Metagenomics Expert Mengchu Wu, Ph.D., Shares Career Insights at UAMS Lecture

By Nathan Tidwell

Jia Liu, Ph.D., an associate professor in the UAMS College of Medicine Department of Microbiology and Immunology, welcomed the attendees and introduced Wu at the event held in the Sam Walton Auditorium in the UAMS Winthrop P. Rockefeller Cancer Institute.

Jia Liu

Jia Liu, Ph.D., an associate professor in the UAMS College of Medicine Department of Microbiology and Immunology, introduces Dr. Wu.Image by Nathan Tidwell

“Today is special. This is a great opportunity to learn about biomedical science. This talk should be an inspiration for our own work,” said Liu.

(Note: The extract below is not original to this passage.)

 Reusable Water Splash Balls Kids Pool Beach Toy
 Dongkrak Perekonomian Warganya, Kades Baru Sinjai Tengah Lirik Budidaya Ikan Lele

Wu is the co-founder, CEO and chair of Micronbrane Medical, based in Taiwan and Singapore. The company develops mNGS-enabling products, an advanced approach for identifying pathogens in the treatment of infectious diseases.

Prior to co-founding Micronbrane Medical in 2020, Wu was the chief technology officer and CEO of Health GeneTech in Taiwan. She earned her doctorate in biomedical sciences at the University of Massachusetts Chan Medical School, where she was mentored by Shuk-Mei Ho, Ph.D., a professor in the UAMS College of Medicine Department of Pharmacology and Toxicology and former vice chancellor for Research and Innovation.

Wu’s lecture, “Glocalization: A Different Journey to Achieving My Goal,” discussed her origins in Shanghai, her postgraduate education in the United States, and her career in biomedical science including co-founding her company.

“I don’t consider myself to be successful yet, neither personally nor in my company, but I feel privileged,” Wu said. “In Shanghai, women all have to work — staying home is not an option. Everyone got the same education; it was pretty equal.”

“I had the opportunity to come to the United States for graduate school at Tufts University in Massachusetts, and I moved to the University of Massachusetts with Dr. Ho,” she added.

Metagenomics simultaneously identifies all pathogens, including bacteria, fungi, parasites and viruses.

Yan Cheng, Shuk-Mei Ho

Former vice chancellor for Research and Innovation Shuk-Mei Ho, Ph.D., right, and Yan Cheng, Ph.D., observe the lecture.Image by Nathan Tidwell

“This process can help patients get faster and more precise treatment for infections,” said Wu. “Through mNGS innovations, we enable the collection of samples and the ability to take action on the results in less than 24 hours.”

Wu shared her thoughts on research and the way ahead.

“We have a culture where we value diverse, original thinking and ideas,” she said “We believe in the importance of continual learning. The world is constantly changing. Learning does not stop once you leave school.”

This was Wu’s first visit to UAMS.

“I’m very honored to be invited to speak here. I’m very impressed with the campus and the various programs UAMS has for students,” she said.

Wu Lecture Attendees

Dr. Wu’s lecture was an opportunity for UAMS’ summer program students to hear from an expert.Image by Nathan Tidwell

“We wanted to expose our students to the potential opportunities ahead of them. The technology is really exciting,” Liu added.

Thomas Kelly, Ph.D., associate director of the UAMS Cancer Research and Training Program and a professor in the College of Medicine Department of Pathology, relished the opportunity to hear Wu speak.

“Dr. Wu told her story of being trained as a scientist in China and in the U.S.,” he said. “She trained like most academic scientists but wound up as an entrepreneur, founder and CEO of a biotech company. An amazing story.”

Ho took pride in seeing her former student.

“After 20 years, having a graduate of mine coming to visit is wonderful,” she said.

“We have to have a global perspective in Arkansas with all of the companies we have here. Science and research are an important part of that.”